A word-for-word copy of the records is needed, with every picture left out.

== Segment start ==

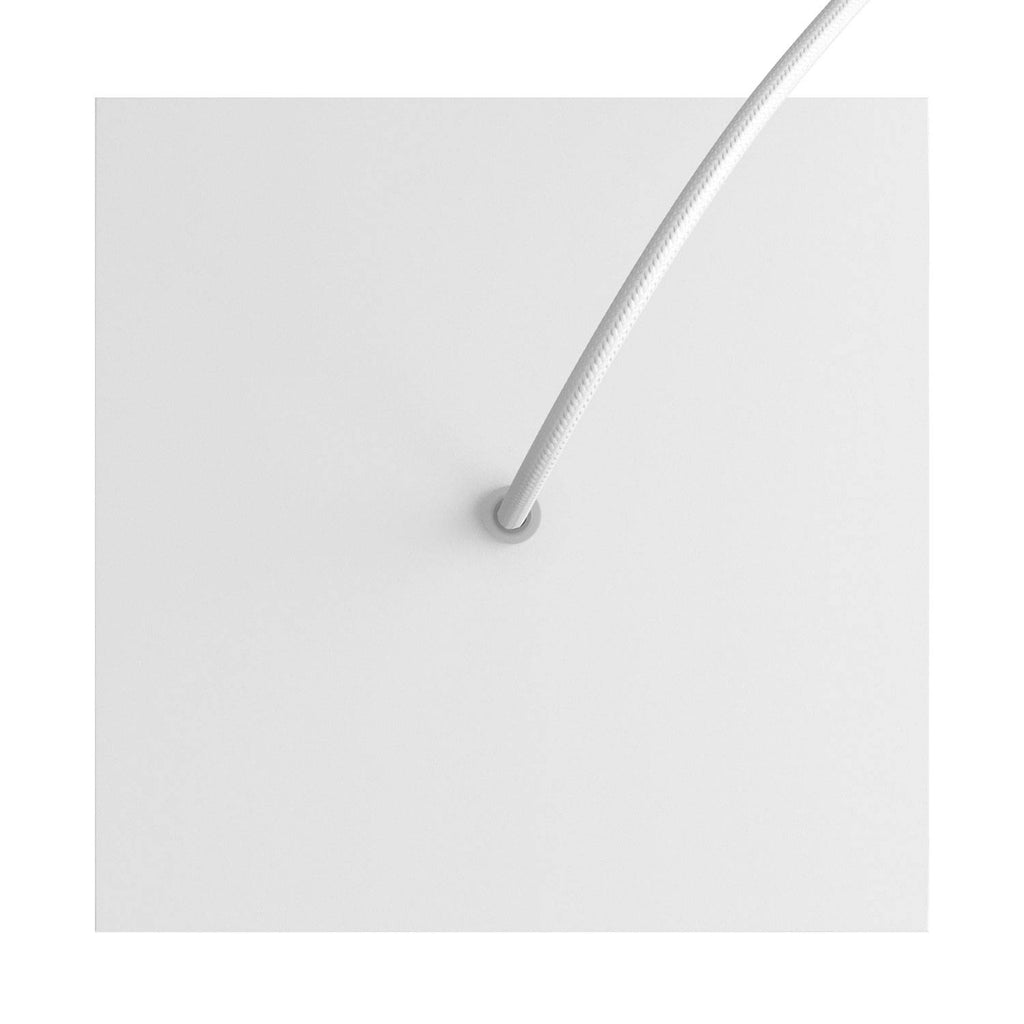 Rose-One Baldachin Quadrat, 200 mm mit 1 Loch und 4 seitlichen Löchern – Mattweiß – Ansicht 2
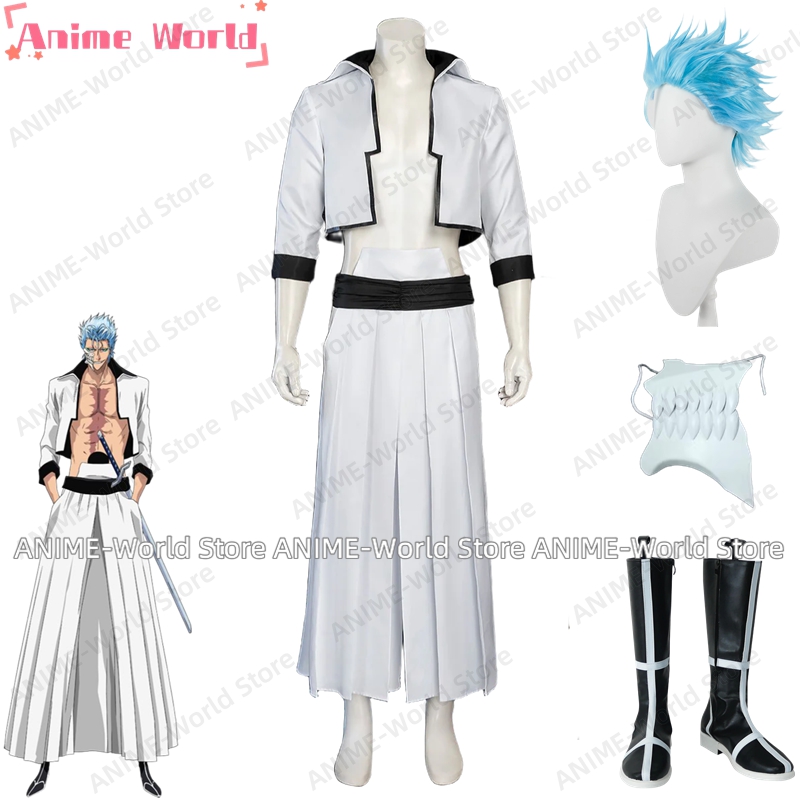 《Custom Size》Anime Grimmjow Ja - مراجعة Anime Cosplay With Mask وسعره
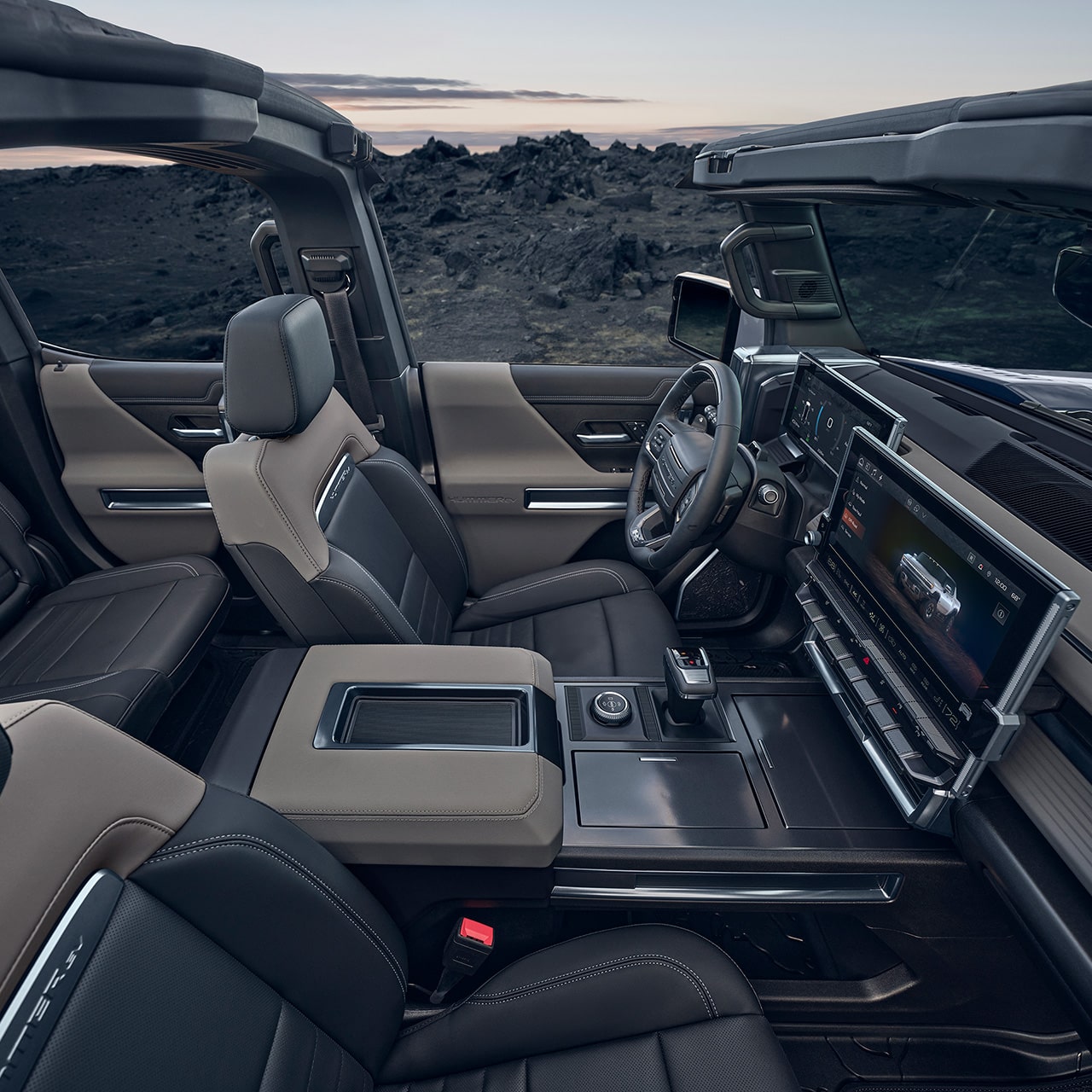 Interior Front Row Leather Seats of the GMC HUMMER EV Pickup Truck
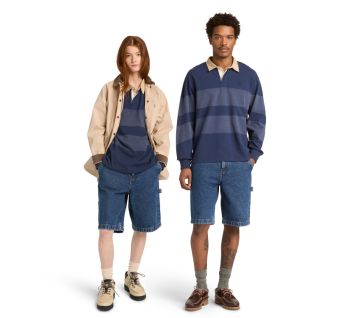 All Gender Long-Sleeve Striped Rugby Polo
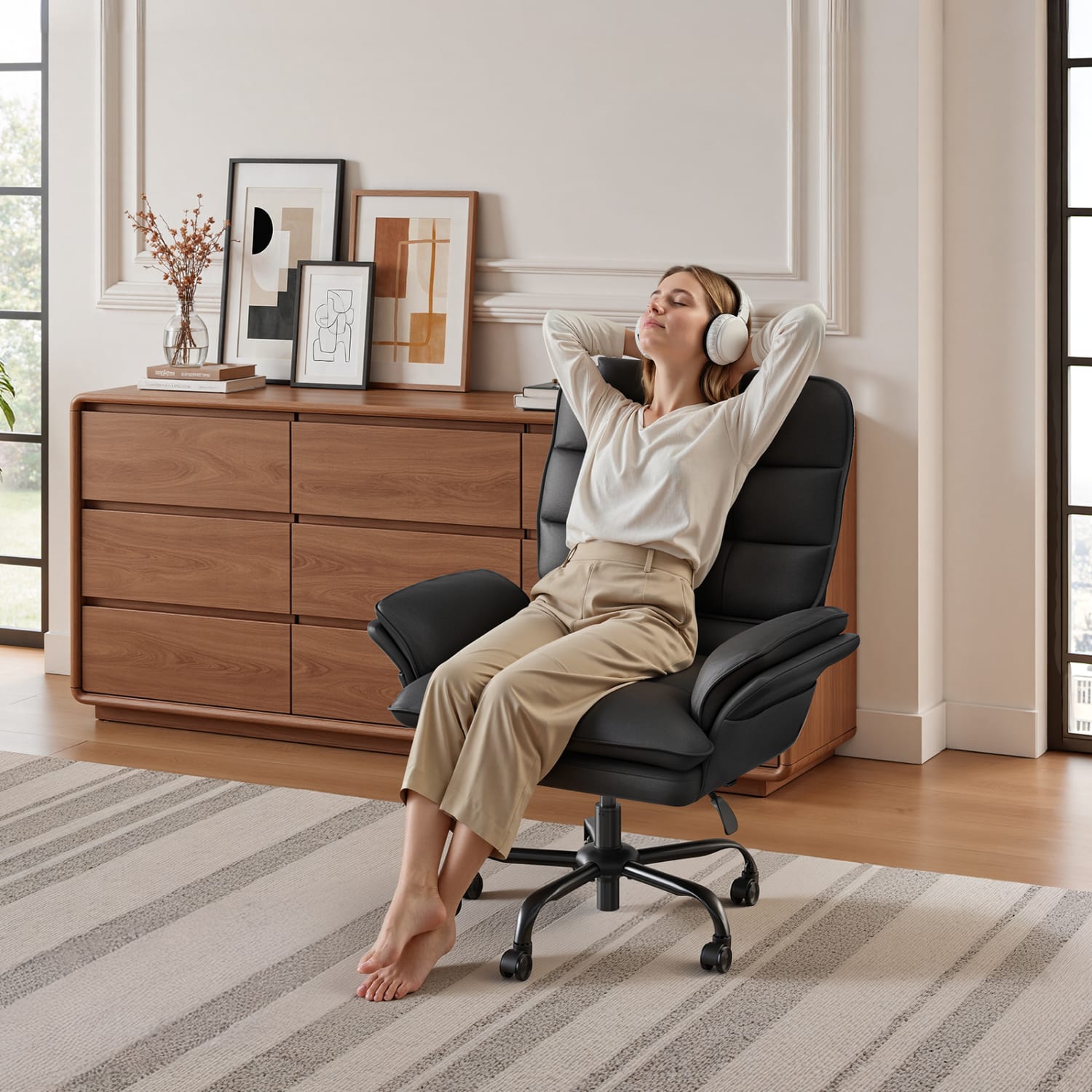Bestier Ergonomic PU Leather High-Back Swivel Executive Office Chair, Black - Image 10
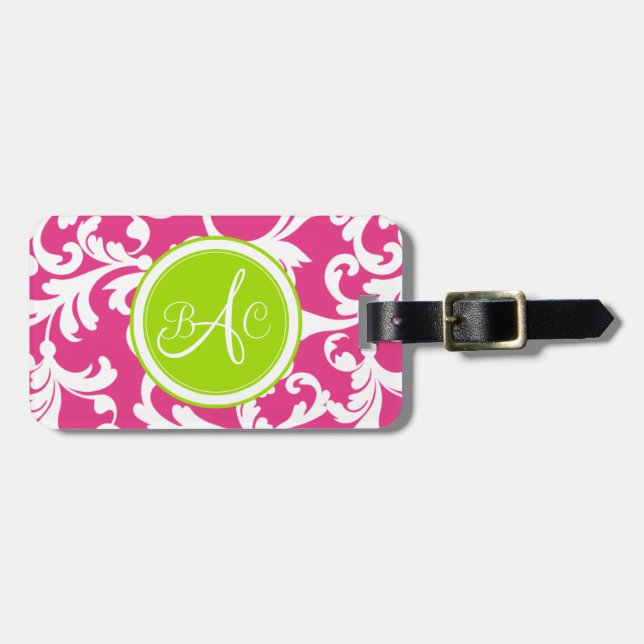 Limefruktgrönt och rosa Monogrammed damastast Bagagebricka (Horisontell Framsida)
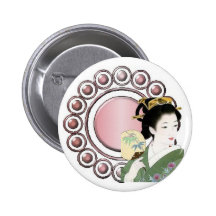 Oriental lady in sage pin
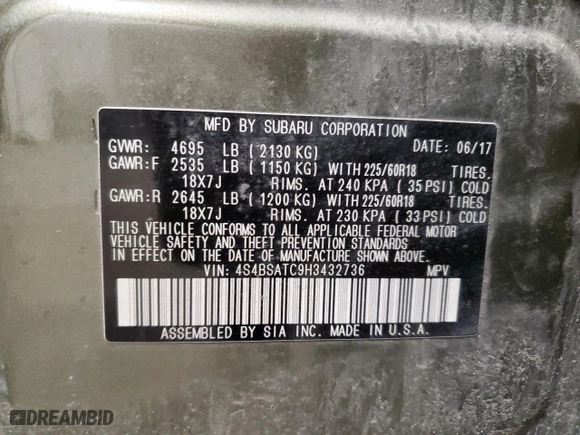 2017 Subaru Outback Touring with VIN 4S4BSATC9H3432736, listed as a Copart auction lot 51815825 with 114,157 mi miles and Salvage Title. Bid and sale history available at carsss.com. Image 13.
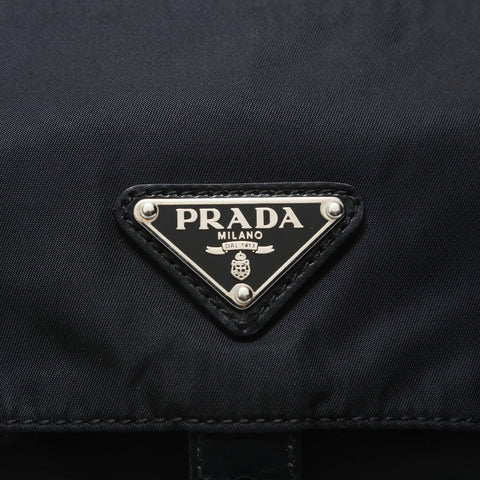 PRADA Nylon triangle logo Shoulder Bag black WS28962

== Segment end ==

**Output for this exercise**:
 Rose-One Baldachin Quadrat, 200 mm mit 1 Loch und 4 seitlichen Löchern – Mattweiß – Ansicht 2
 《Custom Size》Anime Grimmjow Ja - مراجعة Anime Cosplay With Mask وسعره
 Interior Front Row Leather Seats of the GMC HUMMER EV Pickup Truck
 All Gender Long-Sleeve Striped Rugby Polo
Bestier Ergonomic PU Leather High-Back Swivel Executive Office Chair, Black - Image 10
 Limefruktgrönt och rosa Monogrammed damastast Bagagebricka (Horisontell Framsida)
 Oriental lady in sage pin
 2017 Subaru Outback Touring with VIN 4S4BSATC9H3432736, listed as a Copart auction lot 51815825 with 114,157 mi miles and Salvage Title. Bid and sale history available at carsss.com. Image 13.
 PRADA Nylon triangle logo Shoulder Bag black WS28962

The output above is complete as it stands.